Exercise description =
Take nothing but the lines from the one with "by DNA in the" through the one with "Bacterias aeróbicas y" in the entries below, both ends kept, and return them exactly with pictures left out.

Supplied information =
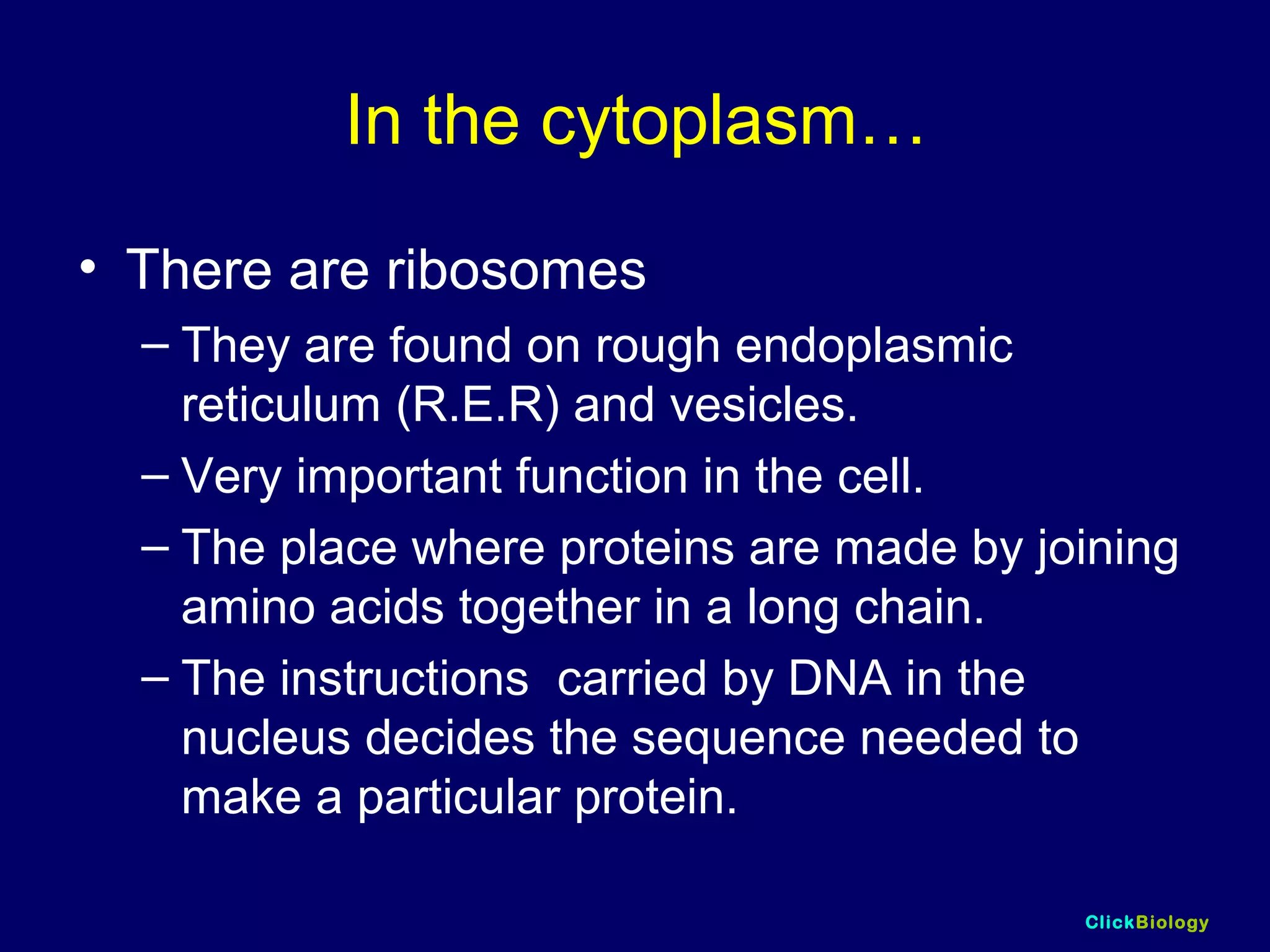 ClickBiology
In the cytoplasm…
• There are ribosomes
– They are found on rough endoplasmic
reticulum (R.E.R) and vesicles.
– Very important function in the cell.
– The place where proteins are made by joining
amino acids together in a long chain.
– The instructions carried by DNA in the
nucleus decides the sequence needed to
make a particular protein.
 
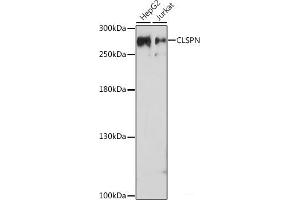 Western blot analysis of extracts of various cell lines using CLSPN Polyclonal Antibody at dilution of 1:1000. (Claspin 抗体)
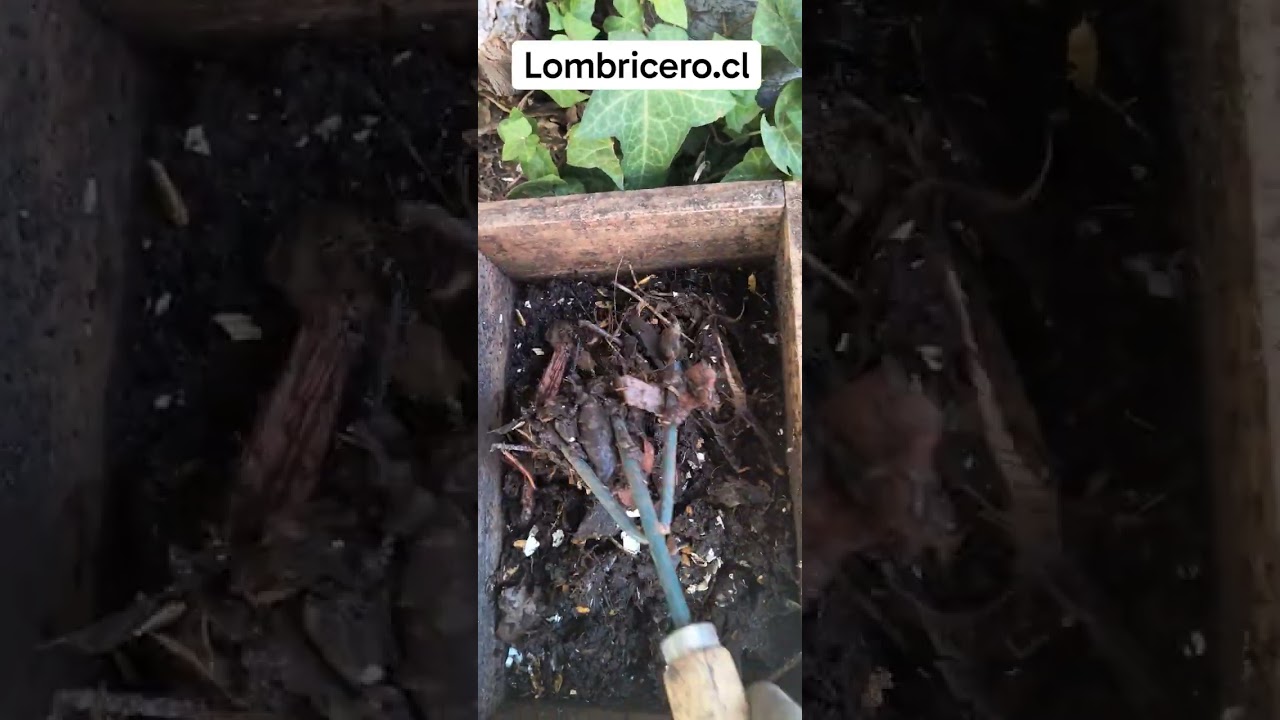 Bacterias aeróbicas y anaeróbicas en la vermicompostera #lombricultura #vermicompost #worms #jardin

==

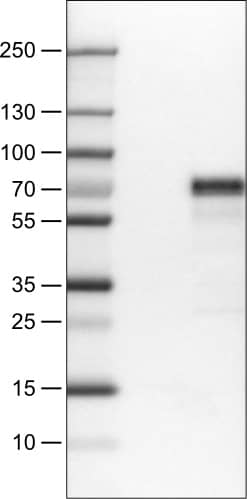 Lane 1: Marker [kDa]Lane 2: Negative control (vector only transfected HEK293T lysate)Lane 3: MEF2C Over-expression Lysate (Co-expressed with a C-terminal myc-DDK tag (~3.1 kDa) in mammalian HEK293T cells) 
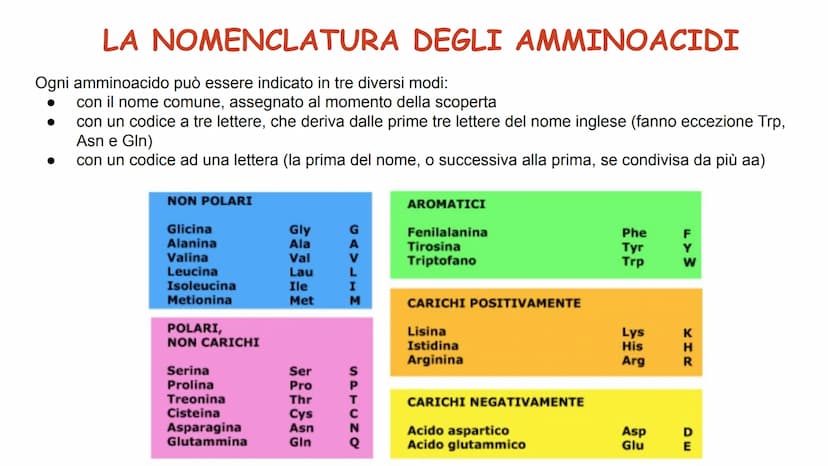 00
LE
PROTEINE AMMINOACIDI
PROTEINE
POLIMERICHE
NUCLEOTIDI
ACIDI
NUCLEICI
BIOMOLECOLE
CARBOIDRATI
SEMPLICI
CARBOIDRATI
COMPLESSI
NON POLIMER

Answer space =
– The instructions carried by DNA in the
nucleus decides the sequence needed to
make a particular protein.
 
 Western blot analysis of extracts of various cell lines using CLSPN Polyclonal Antibody at dilution of 1:1000. (Claspin 抗体)
 Bacterias aeróbicas y anaeróbicas en la vermicompostera #lombricultura #vermicompost #worms #jardin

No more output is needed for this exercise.